For this task, copy all of the data below exactly and skip the pictures.

************

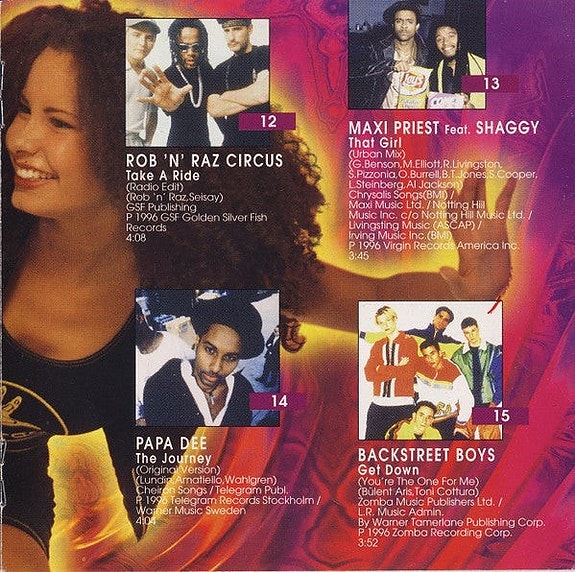 Product image 7 of 10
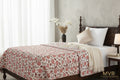 {product_title} - {variant_option} - Premium cotton bedding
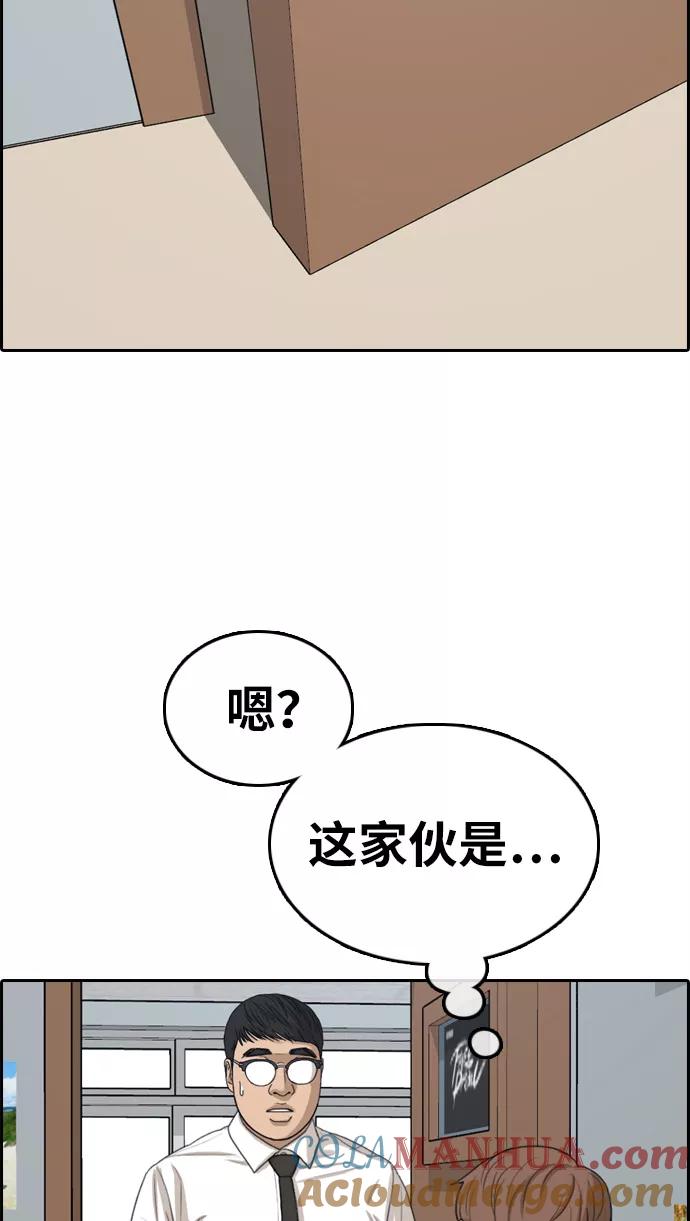 40.jpg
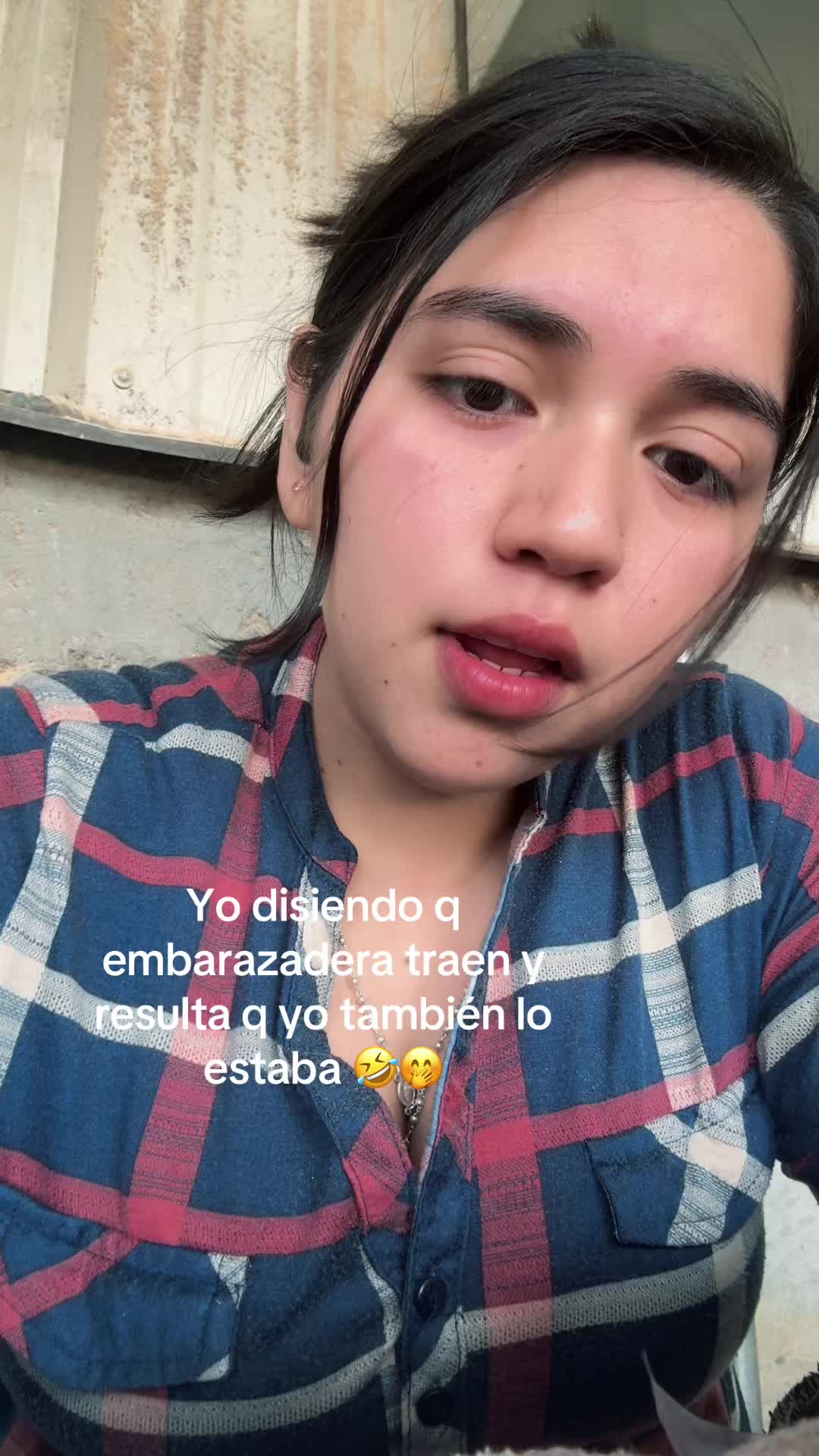 @Anadi Perez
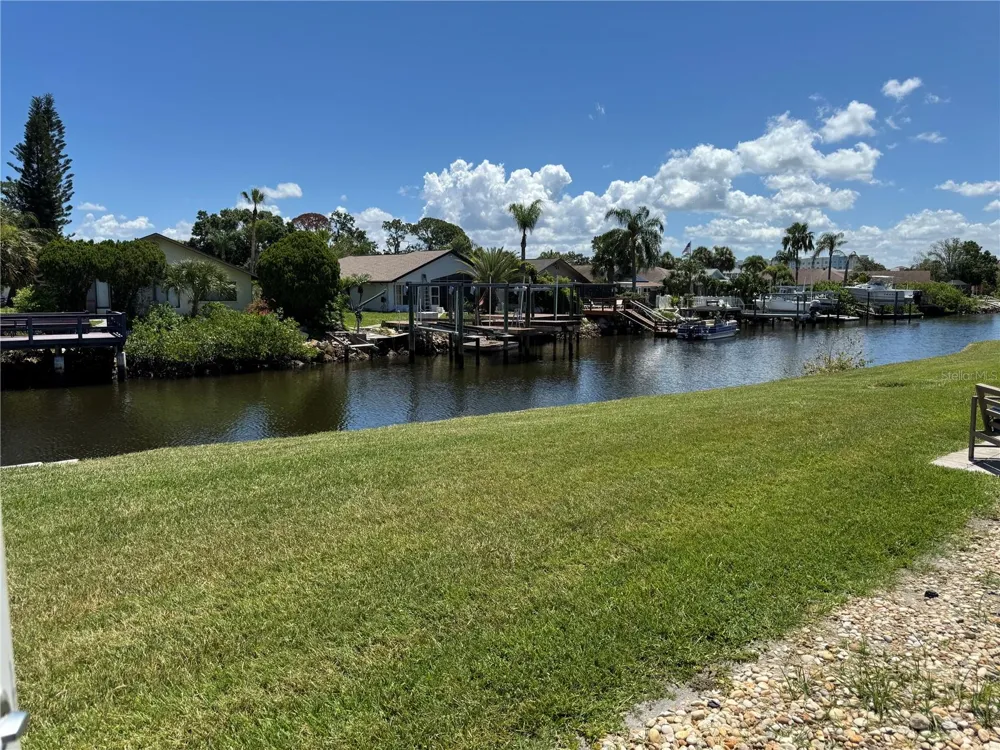 4515` MARINE PARKWAY #102 New Port Richey, FL 34652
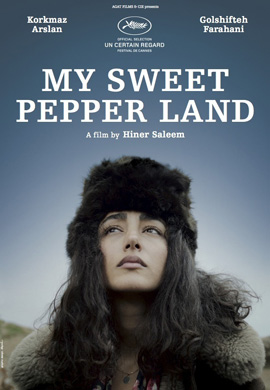 http://hostel.nstu.ru/films/Posters/50627471.jpg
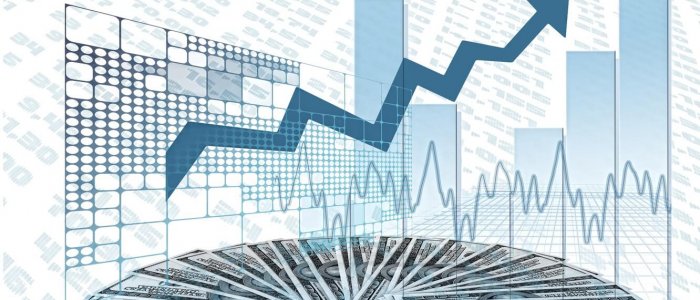 ekonomia-prace-dyplomowe Pisanie prac dyplomowych z ekonomii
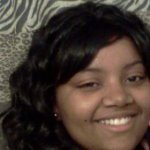 Tinesha_R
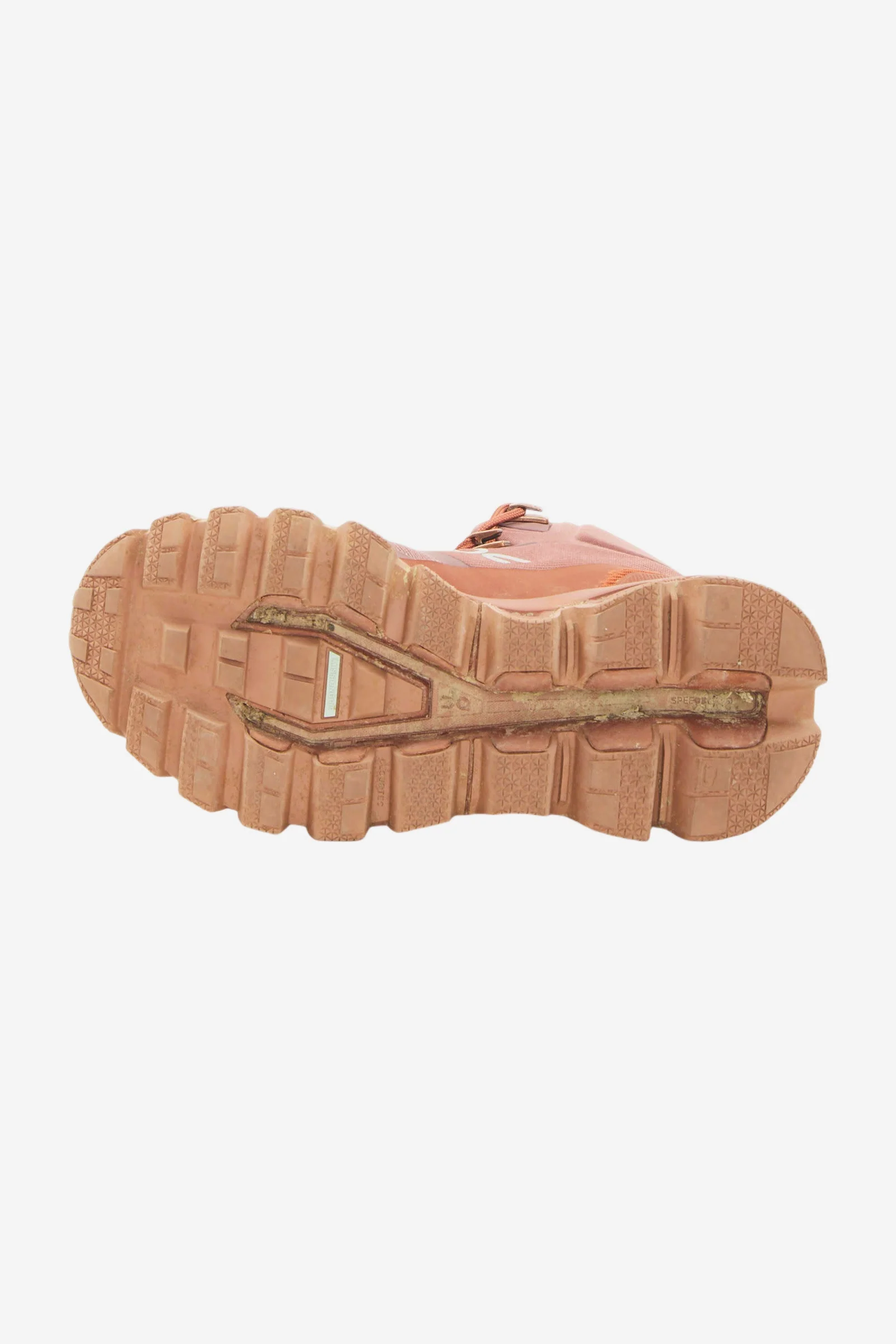Wanderschuhe für Damen - Image 4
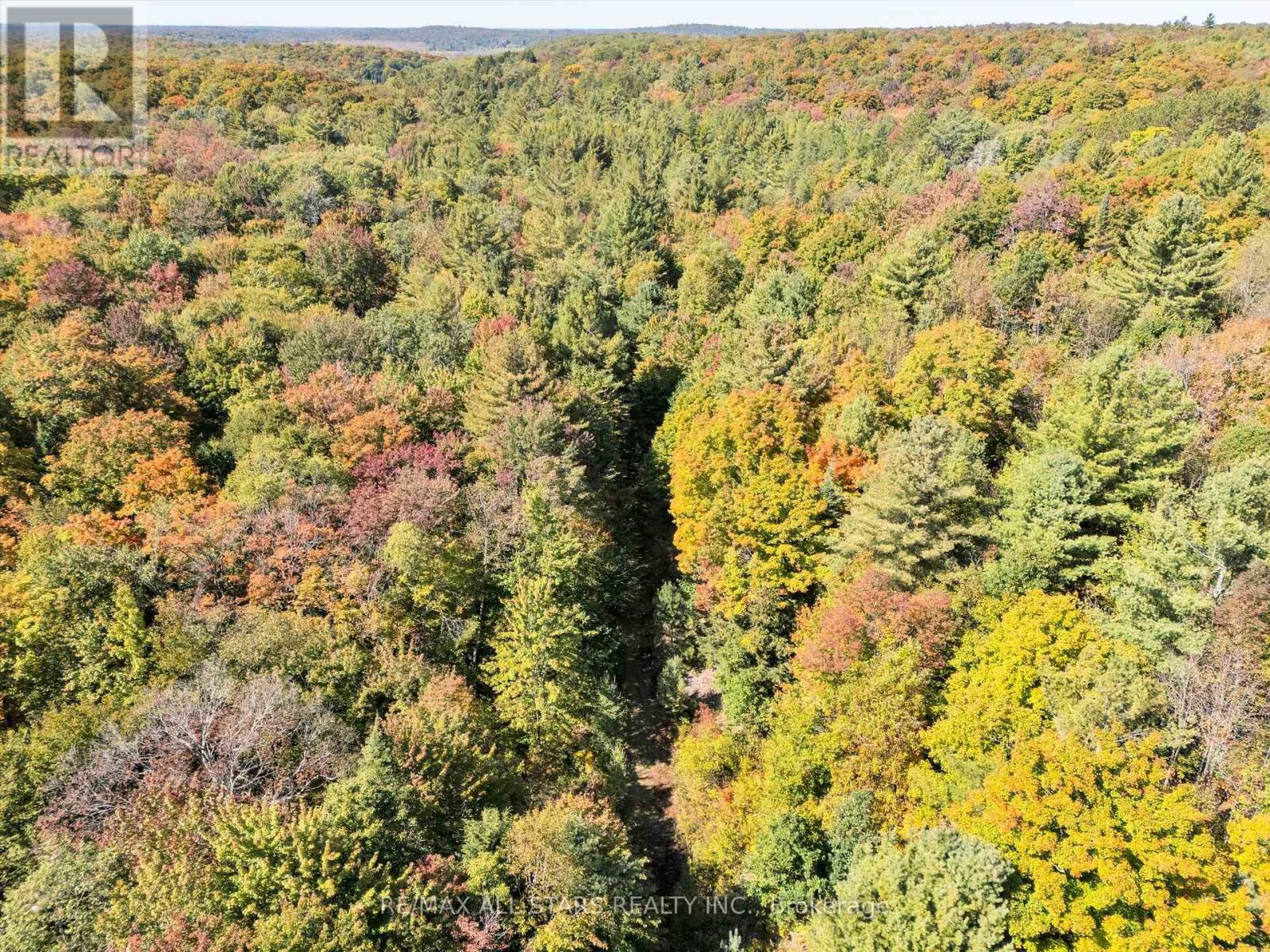 1435 Falkenburg Road, Muskoka Lakes, Ontario  P1L 1X4 - Photo 49 - X12704692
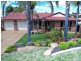 70 Simkin Crescent, Wagga Wagga NSW 2650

************

**Response area**
 Product image 7 of 10
 {product_title} - {variant_option} - Premium cotton bedding
 40.jpg
 @Anadi Perez
 4515` MARINE PARKWAY #102 New Port Richey, FL 34652
 http://hostel.nstu.ru/films/Posters/50627471.jpg
 ekonomia-prace-dyplomowe Pisanie prac dyplomowych z ekonomii
 Tinesha_R
Wanderschuhe für Damen - Image 4
 1435 Falkenburg Road, Muskoka Lakes, Ontario  P1L 1X4 - Photo 49 - X12704692
 70 Simkin Crescent, Wagga Wagga NSW 2650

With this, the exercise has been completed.